[SOURCE DATA — start]

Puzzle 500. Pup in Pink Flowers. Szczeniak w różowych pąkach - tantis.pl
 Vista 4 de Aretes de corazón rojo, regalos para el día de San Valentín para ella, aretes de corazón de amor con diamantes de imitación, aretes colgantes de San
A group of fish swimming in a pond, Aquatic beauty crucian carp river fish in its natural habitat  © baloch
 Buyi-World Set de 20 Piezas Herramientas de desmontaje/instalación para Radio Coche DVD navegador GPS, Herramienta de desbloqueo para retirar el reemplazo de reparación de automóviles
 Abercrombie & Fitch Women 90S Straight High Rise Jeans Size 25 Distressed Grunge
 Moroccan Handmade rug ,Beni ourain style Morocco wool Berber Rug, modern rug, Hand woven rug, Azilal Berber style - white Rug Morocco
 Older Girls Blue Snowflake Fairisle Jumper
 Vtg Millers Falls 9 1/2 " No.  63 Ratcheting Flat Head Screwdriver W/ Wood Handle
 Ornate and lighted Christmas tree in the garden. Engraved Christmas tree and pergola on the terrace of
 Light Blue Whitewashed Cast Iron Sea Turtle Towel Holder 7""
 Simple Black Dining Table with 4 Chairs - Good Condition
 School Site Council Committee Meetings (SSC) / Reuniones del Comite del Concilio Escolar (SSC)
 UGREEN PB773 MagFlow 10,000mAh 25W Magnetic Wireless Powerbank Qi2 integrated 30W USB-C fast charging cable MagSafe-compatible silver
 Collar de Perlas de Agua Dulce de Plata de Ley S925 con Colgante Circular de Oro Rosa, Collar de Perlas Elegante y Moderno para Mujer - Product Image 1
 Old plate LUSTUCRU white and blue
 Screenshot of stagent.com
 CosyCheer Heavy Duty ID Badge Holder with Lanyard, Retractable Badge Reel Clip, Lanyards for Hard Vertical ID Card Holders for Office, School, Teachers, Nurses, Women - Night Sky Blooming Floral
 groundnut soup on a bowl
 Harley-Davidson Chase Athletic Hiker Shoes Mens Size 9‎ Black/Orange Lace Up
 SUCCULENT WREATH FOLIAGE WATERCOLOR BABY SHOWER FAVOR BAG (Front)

[SOURCE DATA — finish]

◆ WHAT YOU ARE ASKED TO DO: Copy exactly. The range runs from the line containing "Vtg Millers Falls" through the last line of the data.

◆ EXERCISE RESULT:
 Vtg Millers Falls 9 1/2 " No.  63 Ratcheting Flat Head Screwdriver W/ Wood Handle
 Ornate and lighted Christmas tree in the garden. Engraved Christmas tree and pergola on the terrace of
 Light Blue Whitewashed Cast Iron Sea Turtle Towel Holder 7""
 Simple Black Dining Table with 4 Chairs - Good Condition
 School Site Council Committee Meetings (SSC) / Reuniones del Comite del Concilio Escolar (SSC)
 UGREEN PB773 MagFlow 10,000mAh 25W Magnetic Wireless Powerbank Qi2 integrated 30W USB-C fast charging cable MagSafe-compatible silver
 Collar de Perlas de Agua Dulce de Plata de Ley S925 con Colgante Circular de Oro Rosa, Collar de Perlas Elegante y Moderno para Mujer - Product Image 1
 Old plate LUSTUCRU white and blue
 Screenshot of stagent.com
 CosyCheer Heavy Duty ID Badge Holder with Lanyard, Retractable Badge Reel Clip, Lanyards for Hard Vertical ID Card Holders for Office, School, Teachers, Nurses, Women - Night Sky Blooming Floral
 groundnut soup on a bowl
 Harley-Davidson Chase Athletic Hiker Shoes Mens Size 9‎ Black/Orange Lace Up
 SUCCULENT WREATH FOLIAGE WATERCOLOR BABY SHOWER FAVOR BAG (Front)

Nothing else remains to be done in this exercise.